* EXERCISE REQUIREMENTS
Counting the line with "Noel Baba Noel" as the last one, copy out the lines of the data exactly from the first onward.

* MATERIALS PROVIDED
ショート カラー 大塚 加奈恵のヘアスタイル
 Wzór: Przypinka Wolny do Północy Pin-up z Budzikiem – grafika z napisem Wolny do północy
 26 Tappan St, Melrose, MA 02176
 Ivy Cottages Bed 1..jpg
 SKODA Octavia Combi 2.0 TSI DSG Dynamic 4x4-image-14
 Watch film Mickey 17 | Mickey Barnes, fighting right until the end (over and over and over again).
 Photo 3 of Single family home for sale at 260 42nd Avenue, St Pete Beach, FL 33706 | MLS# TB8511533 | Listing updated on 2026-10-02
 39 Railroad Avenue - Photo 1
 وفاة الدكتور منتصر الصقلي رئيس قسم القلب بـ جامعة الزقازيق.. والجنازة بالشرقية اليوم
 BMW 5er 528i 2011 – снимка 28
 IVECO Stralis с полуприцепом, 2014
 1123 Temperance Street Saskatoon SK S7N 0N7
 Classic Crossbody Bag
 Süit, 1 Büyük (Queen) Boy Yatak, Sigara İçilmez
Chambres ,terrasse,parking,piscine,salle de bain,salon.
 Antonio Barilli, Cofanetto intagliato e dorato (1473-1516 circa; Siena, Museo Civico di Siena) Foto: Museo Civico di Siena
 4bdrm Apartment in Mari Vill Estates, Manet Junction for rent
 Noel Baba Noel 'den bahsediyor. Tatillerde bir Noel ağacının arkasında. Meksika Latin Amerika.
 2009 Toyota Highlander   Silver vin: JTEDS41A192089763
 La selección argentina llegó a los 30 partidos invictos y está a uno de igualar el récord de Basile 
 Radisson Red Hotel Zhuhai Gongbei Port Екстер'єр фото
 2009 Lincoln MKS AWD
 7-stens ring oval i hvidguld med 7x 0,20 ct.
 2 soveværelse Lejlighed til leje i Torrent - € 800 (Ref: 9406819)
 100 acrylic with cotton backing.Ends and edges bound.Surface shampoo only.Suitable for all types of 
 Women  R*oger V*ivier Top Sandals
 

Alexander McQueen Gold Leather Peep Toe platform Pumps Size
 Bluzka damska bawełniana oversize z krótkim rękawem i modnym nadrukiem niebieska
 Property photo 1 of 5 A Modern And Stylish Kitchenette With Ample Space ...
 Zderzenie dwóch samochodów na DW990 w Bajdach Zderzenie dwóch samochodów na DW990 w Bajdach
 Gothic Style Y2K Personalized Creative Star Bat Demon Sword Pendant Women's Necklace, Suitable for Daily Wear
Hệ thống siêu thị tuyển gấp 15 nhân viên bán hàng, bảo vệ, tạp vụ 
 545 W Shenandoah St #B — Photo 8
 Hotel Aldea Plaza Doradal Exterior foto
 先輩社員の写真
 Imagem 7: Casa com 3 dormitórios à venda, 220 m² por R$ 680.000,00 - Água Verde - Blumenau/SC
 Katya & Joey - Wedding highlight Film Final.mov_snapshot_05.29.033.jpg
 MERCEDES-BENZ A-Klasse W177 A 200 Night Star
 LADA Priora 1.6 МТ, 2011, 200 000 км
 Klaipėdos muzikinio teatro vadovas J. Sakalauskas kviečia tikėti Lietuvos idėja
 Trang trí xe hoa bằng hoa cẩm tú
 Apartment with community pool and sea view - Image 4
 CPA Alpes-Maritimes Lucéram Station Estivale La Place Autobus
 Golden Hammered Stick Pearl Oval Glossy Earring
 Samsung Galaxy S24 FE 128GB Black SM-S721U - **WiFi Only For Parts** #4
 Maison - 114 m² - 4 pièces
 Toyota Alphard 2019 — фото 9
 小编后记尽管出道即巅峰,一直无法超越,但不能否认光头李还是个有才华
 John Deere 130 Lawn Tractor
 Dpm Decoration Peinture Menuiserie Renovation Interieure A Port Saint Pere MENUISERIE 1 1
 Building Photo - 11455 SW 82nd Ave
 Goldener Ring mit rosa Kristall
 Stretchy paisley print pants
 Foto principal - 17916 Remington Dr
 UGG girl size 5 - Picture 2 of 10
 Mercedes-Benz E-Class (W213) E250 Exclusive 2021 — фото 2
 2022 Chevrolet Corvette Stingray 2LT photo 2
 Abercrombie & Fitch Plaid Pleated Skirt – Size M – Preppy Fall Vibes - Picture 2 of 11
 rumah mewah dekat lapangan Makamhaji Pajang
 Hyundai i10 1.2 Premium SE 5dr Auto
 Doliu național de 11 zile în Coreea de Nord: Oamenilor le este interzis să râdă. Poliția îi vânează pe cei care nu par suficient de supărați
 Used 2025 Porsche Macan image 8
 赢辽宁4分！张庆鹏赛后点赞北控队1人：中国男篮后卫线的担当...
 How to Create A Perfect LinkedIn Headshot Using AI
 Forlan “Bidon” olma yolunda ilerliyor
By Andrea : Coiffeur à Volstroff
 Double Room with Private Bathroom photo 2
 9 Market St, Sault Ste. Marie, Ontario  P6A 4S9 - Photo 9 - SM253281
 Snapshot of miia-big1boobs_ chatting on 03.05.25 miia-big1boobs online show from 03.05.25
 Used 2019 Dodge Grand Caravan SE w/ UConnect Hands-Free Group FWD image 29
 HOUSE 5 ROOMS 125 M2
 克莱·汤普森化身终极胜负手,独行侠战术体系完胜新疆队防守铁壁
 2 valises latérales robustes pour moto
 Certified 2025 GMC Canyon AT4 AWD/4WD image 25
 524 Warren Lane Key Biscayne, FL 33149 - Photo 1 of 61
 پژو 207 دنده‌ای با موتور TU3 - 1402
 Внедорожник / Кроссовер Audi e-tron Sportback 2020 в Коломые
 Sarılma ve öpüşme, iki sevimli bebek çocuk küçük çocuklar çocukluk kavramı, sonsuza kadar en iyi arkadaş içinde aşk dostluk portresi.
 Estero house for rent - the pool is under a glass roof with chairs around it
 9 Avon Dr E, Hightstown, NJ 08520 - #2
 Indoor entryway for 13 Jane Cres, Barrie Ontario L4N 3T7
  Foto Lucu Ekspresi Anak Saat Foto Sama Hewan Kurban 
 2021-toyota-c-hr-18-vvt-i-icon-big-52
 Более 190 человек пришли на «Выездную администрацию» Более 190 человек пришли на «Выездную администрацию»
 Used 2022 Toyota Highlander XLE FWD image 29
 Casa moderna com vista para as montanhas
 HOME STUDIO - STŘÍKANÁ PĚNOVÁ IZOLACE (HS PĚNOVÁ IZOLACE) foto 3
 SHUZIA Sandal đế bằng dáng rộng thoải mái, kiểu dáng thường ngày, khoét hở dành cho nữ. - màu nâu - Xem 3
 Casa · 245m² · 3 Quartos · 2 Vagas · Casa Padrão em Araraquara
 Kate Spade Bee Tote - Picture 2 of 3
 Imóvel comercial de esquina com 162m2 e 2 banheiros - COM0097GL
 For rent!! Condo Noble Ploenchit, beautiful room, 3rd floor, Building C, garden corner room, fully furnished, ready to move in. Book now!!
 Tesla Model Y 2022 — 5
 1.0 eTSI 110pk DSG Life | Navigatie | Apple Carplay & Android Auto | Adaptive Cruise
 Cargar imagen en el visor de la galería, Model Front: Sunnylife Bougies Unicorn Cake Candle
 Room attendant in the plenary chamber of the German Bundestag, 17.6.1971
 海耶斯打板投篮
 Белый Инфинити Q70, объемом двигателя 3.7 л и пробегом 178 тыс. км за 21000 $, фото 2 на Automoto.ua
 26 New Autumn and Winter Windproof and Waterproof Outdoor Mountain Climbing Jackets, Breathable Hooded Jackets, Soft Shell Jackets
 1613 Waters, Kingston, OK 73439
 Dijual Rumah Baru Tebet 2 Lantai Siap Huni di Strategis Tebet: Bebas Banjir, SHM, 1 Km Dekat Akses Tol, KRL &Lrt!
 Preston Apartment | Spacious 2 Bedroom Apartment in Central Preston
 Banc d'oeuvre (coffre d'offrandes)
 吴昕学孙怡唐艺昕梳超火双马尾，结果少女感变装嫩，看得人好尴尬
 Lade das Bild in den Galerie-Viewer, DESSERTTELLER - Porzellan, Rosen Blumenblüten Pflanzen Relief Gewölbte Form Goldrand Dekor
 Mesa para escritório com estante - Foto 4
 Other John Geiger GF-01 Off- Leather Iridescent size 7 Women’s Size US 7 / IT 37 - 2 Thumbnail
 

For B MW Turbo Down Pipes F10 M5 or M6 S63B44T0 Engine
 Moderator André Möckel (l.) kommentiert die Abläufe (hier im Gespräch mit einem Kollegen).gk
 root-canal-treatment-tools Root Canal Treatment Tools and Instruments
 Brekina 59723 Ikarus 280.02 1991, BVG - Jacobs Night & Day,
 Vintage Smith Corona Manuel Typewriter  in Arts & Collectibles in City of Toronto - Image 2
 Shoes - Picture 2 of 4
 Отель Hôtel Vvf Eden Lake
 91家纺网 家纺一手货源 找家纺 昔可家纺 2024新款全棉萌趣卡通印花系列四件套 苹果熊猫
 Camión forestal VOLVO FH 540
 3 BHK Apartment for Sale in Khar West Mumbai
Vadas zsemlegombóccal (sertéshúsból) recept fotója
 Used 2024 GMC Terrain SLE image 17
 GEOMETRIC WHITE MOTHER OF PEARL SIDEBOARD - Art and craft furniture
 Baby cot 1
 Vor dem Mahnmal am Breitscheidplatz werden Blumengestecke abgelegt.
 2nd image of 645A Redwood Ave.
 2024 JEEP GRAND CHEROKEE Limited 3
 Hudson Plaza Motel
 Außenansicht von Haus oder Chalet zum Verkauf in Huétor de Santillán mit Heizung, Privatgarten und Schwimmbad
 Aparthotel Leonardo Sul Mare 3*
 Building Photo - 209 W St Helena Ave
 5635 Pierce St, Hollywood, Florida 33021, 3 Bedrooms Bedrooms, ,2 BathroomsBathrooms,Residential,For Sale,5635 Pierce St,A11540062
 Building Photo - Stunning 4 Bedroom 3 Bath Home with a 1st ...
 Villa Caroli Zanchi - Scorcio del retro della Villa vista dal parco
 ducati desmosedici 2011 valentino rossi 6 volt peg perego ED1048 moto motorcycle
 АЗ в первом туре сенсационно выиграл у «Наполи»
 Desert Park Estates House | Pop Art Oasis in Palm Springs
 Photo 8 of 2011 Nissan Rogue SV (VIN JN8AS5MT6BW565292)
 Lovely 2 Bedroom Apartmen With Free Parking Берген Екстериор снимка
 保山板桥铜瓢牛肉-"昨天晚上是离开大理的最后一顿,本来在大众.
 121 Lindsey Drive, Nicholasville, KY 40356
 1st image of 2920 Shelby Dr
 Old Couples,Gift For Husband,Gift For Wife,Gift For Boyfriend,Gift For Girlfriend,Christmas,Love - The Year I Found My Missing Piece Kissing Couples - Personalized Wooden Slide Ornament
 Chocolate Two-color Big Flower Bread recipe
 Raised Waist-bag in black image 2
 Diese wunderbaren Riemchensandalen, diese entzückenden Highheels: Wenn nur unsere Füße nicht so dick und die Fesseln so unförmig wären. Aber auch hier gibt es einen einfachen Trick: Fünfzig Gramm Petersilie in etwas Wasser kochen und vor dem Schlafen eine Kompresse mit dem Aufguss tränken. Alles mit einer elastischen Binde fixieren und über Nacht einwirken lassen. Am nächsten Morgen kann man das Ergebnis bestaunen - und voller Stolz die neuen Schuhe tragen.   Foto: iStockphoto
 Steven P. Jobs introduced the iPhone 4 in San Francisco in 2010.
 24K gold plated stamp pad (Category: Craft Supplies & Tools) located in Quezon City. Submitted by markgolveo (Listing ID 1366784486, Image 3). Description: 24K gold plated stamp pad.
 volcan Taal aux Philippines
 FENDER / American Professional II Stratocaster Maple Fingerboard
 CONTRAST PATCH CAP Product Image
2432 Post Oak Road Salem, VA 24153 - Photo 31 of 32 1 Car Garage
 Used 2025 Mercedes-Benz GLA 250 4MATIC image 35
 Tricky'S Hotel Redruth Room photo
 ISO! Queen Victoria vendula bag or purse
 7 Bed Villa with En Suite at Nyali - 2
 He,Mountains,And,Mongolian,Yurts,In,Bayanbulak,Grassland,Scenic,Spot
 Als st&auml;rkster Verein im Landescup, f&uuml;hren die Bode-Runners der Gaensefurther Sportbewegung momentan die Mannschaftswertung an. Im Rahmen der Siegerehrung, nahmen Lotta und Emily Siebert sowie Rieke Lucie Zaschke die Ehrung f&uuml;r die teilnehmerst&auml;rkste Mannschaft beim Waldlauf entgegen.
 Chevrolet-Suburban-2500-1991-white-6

* TASK OUTPUT
ショート カラー 大塚 加奈恵のヘアスタイル
 Wzór: Przypinka Wolny do Północy Pin-up z Budzikiem – grafika z napisem Wolny do północy
 26 Tappan St, Melrose, MA 02176
 Ivy Cottages Bed 1..jpg
 SKODA Octavia Combi 2.0 TSI DSG Dynamic 4x4-image-14
 Watch film Mickey 17 | Mickey Barnes, fighting right until the end (over and over and over again).
 Photo 3 of Single family home for sale at 260 42nd Avenue, St Pete Beach, FL 33706 | MLS# TB8511533 | Listing updated on 2026-10-02
 39 Railroad Avenue - Photo 1
 وفاة الدكتور منتصر الصقلي رئيس قسم القلب بـ جامعة الزقازيق.. والجنازة بالشرقية اليوم
 BMW 5er 528i 2011 – снимка 28
 IVECO Stralis с полуприцепом, 2014
 1123 Temperance Street Saskatoon SK S7N 0N7
 Classic Crossbody Bag
 Süit, 1 Büyük (Queen) Boy Yatak, Sigara İçilmez
Chambres ,terrasse,parking,piscine,salle de bain,salon.
 Antonio Barilli, Cofanetto intagliato e dorato (1473-1516 circa; Siena, Museo Civico di Siena) Foto: Museo Civico di Siena
 4bdrm Apartment in Mari Vill Estates, Manet Junction for rent
 Noel Baba Noel 'den bahsediyor. Tatillerde bir Noel ağacının arkasında. Meksika Latin Amerika.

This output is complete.